TB is a complication of diabetes?
In 3rd world countries, people with diabetes have a greater risk for developing tuberculosis, and is particularly worse for those with poorly controlled diabetes.
Mycobacterium tuberculosis is a highly contagious air-borne bacterium, and people with diabetes are more likely to move from the latent form of tuberculosis to the active form when exposed.

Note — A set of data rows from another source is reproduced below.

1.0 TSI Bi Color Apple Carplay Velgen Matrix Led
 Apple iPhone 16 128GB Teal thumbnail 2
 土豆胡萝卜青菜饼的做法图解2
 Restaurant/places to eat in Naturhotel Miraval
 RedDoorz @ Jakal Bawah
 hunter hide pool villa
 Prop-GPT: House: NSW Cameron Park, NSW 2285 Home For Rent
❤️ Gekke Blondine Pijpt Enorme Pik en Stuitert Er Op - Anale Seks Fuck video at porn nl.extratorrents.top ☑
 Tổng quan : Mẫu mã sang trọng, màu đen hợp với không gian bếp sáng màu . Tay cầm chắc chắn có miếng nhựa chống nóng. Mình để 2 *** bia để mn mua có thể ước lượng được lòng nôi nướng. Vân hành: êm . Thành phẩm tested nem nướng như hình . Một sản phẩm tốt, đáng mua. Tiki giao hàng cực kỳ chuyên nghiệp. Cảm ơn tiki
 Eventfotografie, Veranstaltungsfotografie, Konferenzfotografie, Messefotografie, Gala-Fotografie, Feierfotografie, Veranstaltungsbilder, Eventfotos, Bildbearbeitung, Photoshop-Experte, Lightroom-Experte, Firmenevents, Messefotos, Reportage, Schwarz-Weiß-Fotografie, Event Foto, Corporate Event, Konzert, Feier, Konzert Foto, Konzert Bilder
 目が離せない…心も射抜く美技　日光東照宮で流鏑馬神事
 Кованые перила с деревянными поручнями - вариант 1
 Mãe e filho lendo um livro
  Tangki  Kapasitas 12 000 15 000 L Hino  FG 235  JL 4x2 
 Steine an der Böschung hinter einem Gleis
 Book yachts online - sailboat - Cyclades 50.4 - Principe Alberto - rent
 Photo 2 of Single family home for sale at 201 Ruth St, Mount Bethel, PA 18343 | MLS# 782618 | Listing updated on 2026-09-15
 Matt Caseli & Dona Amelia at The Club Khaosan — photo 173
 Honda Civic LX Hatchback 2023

Here is the central statement of the result/goal of Dr. Faustman’s recent study, taken from page 4 of her 6-page article:
Long‐term follow‐up of Phase I participants continues, including analysis of patients in the placebo arm who have now received BCG in an open‐label crossover portion of the study. A randomized, placebo‐controlled Phase II trial is also currently underway, in which subjects will be followed for 5 years. The Phase II trial has enrolled type 1 diabetic subjects with long standing diabetes who demonstrate some small amounts of remaining C peptide as measured with an ultrasensitive assay. The endpoint of this trial is a >10% lowering of HbA1c values. Data from multiple sclerosis trials show that clinically significant immune alterations after BCG administration may take time to occur.31 Therefore, a trial duration of 5 years has been selected for the Phase II type 1 diabetes study, as a clinical outcome, not just a biomarker outcome, is desired.
So there is a hope for a lowering of HbA1c values greater than 10%, so if the patients with an A1c of 7% drop to a 6.3% she’ll proclaim victory? I doubt the patients will.
We’ll soon be coming up on the hundred-year anniversary of the last truly significant advance in diabetes treatment, the discovery of insulin, and I wish patients would use the occasion to protest the inertia of the research community, wasting time as they do with efforts to avoid patients having to inject insulin rather than take it in some ‘painless’ way, as though this were the main issue in diabetes, or with the perpetual effort to improve management of a disease whose existence is accepted rather than curing the disease. Aids, which had been known in isolated cases in the West since 1959, came to general public attention in the early 1980s, and because Aids patients rallied together and vigorously protested their plight, they got enormous funding from national agencies, and now their condition has gone in record time from being a death sentence to being a chronic condition. They streaked past diabetics, who were bought off with expensive little trinkets in the meantime which did not achieve anything like the difference realized in Aids therapy during that period. If we protested as energetically as they did, perhaps we would see some faster results as well.
Diabetes went from being a death sentence to a chronic condition. I actually think they’re very similar, both can now be managed relatively effectively but neither is close to a cure.
THere is on clear advantage to “a transient and small restoration of insulin production.” – it could minimize the risk of DKA. Still, not a cure, but one heck of a benefit.
So does this treatment only work for those who have some small amount of residual insulin production? My understanding is that, even when measured with super-sensitive tests (that measure down to 0.03 or 0.01, when most tests report anything under 0.1 as “undetectable”) there are about a third of people with Type 1 who have levels undetectable even with these tests. Would this treatment work for this large group?